Your objective
Each line from the one containing "2F4ECAF1-881E-4D1F-9605-2C21174478D1.jpeg" to the end of the data must be copied exactly, the first and last included; no other lines and no pictures belong in the copy.

━━ Recorded information

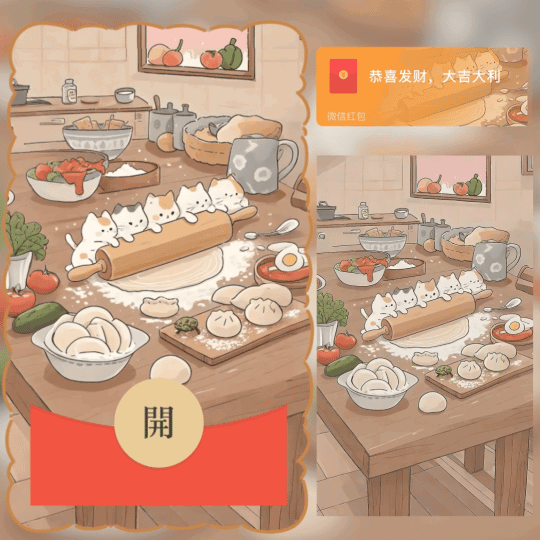 包饺子喽/新年快乐/ln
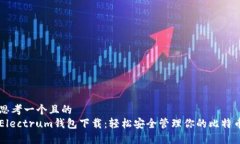 思考一个且的  Electrum钱包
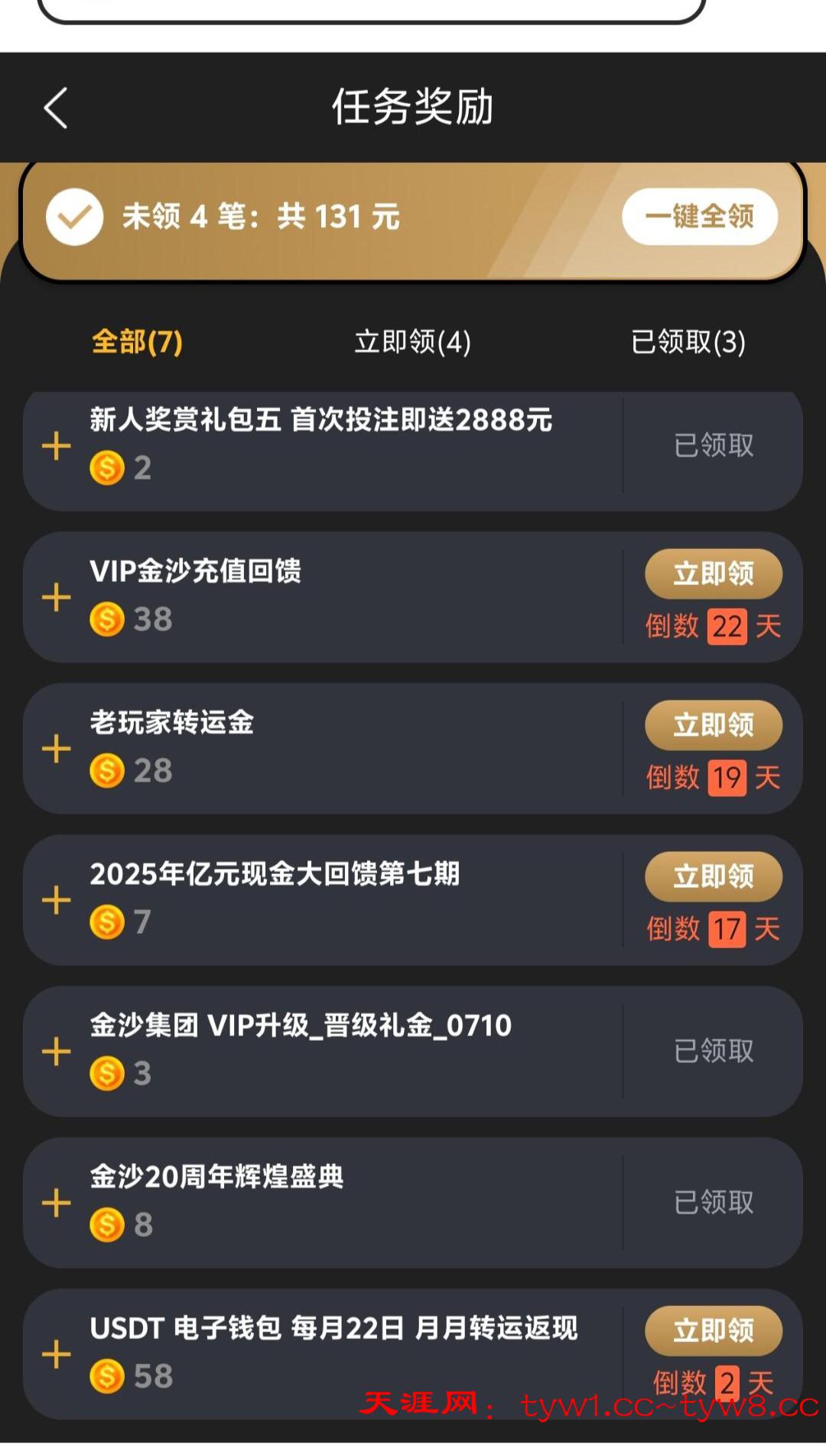 2F4ECAF1-881E-4D1F-9605-2C21174478D1.jpeg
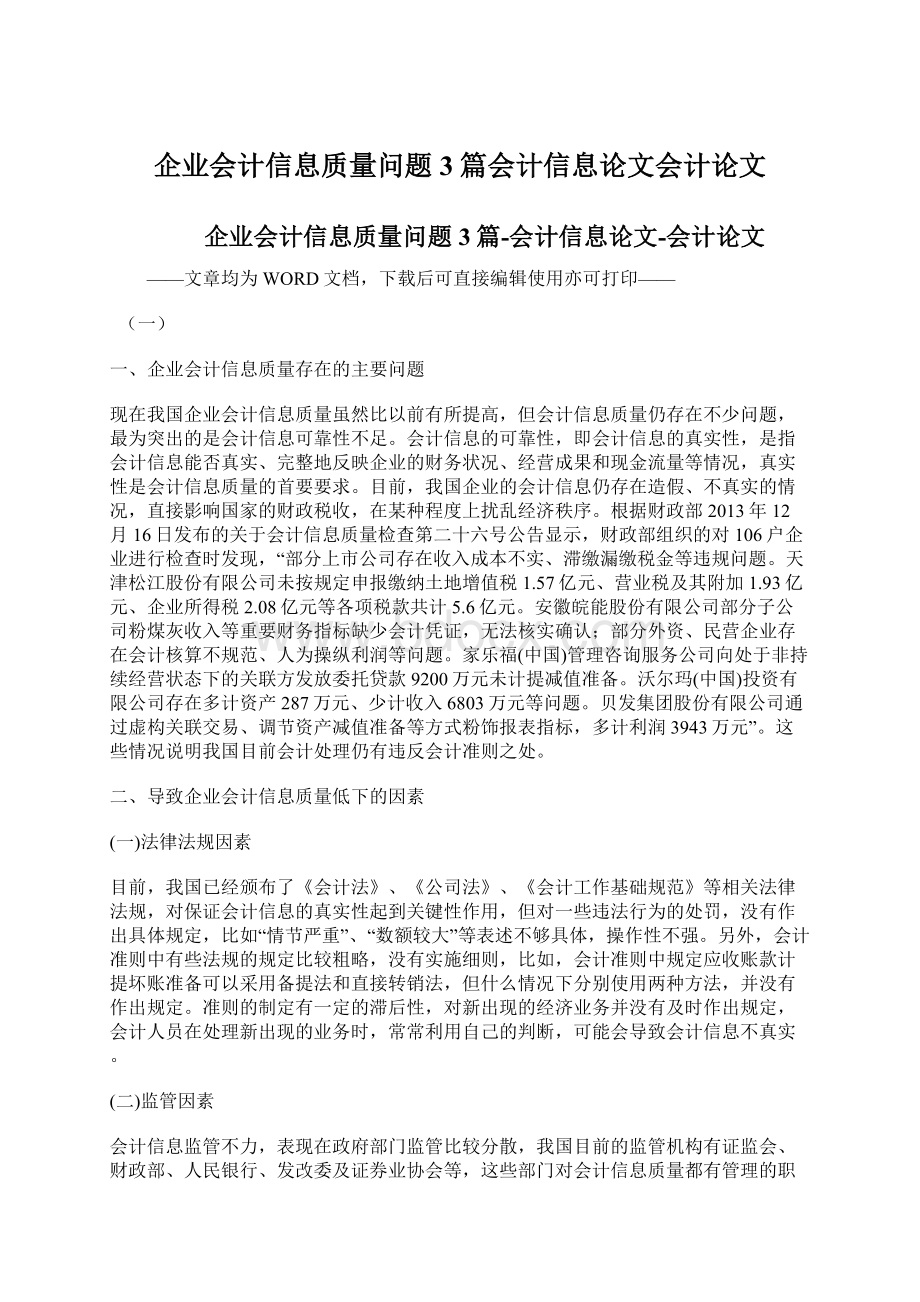 企业会计信息质量问题3篇会计信息论文会计论文Word格式文档下载.docx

━━━━

Solution
 2F4ECAF1-881E-4D1F-9605-2C21174478D1.jpeg
 企业会计信息质量问题3篇会计信息论文会计论文Word格式文档下载.docx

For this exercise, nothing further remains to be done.